Deep Dive: My Tools of Choice

Going into the project, I was prejudiced against cordless tools: they generally seemed to be wimpy "play-pretend" tools with batteries that always died at just the wrong time. Forever hopeful for improvement, I'd bought and sold quite a few of them, all "high-quality" name-brand pro-sumer models that failed to impress. Since I wouldn't have electric service for some time, I armed myself with a monster portable generator that would deliver all the power I could possibly need—albeit along with considerable noise:

But shortly before getting down to business, I'd come across an article that suggested a new generation of cordless tools, powered by vastly superior batteries, represented the next step in their evolution. On a lark, I decided to give one a try. I deliberately chose a circular saw, as I'd found them to be the weakest link in the cordless tool menagerie. Having had a good experience using a DeWalt corded miter saw, I chose a DeWalt 20-volt circular saw as my new guinea pig.

I charged it up and had at a two-by-four (something a previous cordless saw couldn't even begin to cut). Wow. The beast chewed through it with barely any effort. So I took on a two-by-twelve, and it mowed through the thing with the same vigor as my big Porter-Cable corded saw! This resulted in an immediate about-face: suddenly I was thoroughly impressed by a cordless tool.

I then went out and purchased DeWalt's biggest impact-drill-driver, and these two tools have done 99.9% of the work on my house. Indeed, I wound up never using any of my corded tools (and, furthermore, I later sold nearly all of them!). It was particularly satisfying to rip several four-by-eight sheets of 3/4-inch sheathing lengthwise before having to change the battery. Although I had plenty of spares, which I charged with a little tiny generator, I rarely went through more than two or three of them in a day. Here are my two "hero" tools on their first official day at work:

Naturally I bought a few other tools: a saber saw, a saws-all, and a couple of other sizes of drill-driver. The saws-all was the next-most impressive of the lot: it was unfazed by stacks of two-bys populated with loads of screws, and also made short work of pruning small tree branches. Meanwhile, their baby 12-volt drill-driver became my go-to tool for all of my electrical work.

A year and a half and many, many thousands of cuts later, the circular saw is still going strong, now only on its second blade. And for the record, it never once bogged down or stalled. The drill-driver has been dropped, rained on and used relentlessly (the house is assembled exclusively with screws—there are no nails!), and it has likewise been a champ throughout.
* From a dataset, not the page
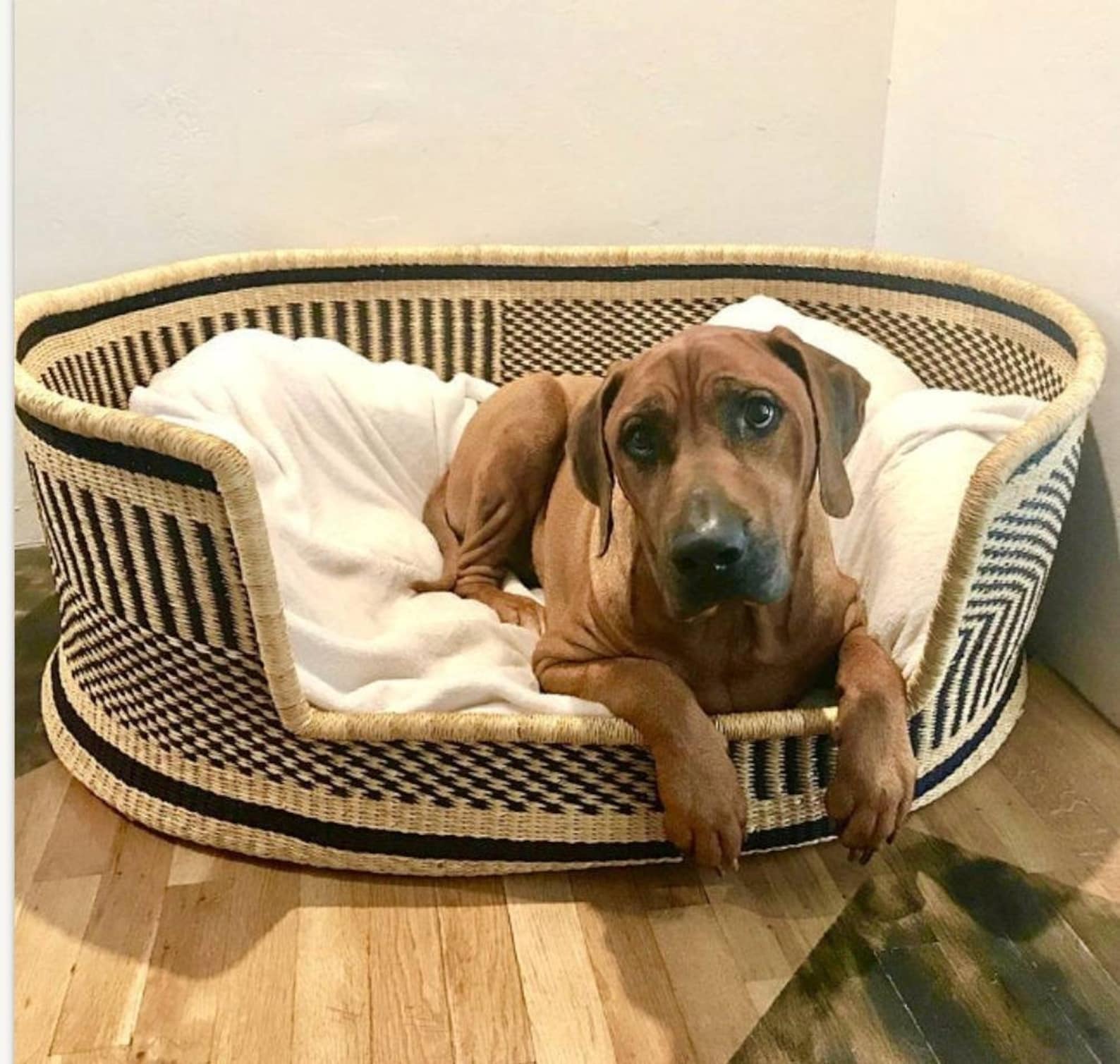 PERSONALIZED DOG BASKET Dog Bed Basket Dog Bed Furniture Etsy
Plus, none of the batteries have yet to peter out.

Recently I needed to rip a 2x12 lengthwise. The 10-foot long cut was handled masterfully by the circular saw, although it did almost completely deplete a full charge. Still, that was a mighty impressive achievement for a battery-powered tool.

Doubtless there are other brands of comparable quality, but given the immense level of satisfaction I have with these tools—not to mention the massive amount of work they've done—I offer my enthusiastic endorsement of DeWalt's pro-sumer 20-volt tools. I still think it's awesome to realize that two battery-powered tools basically built this whole house!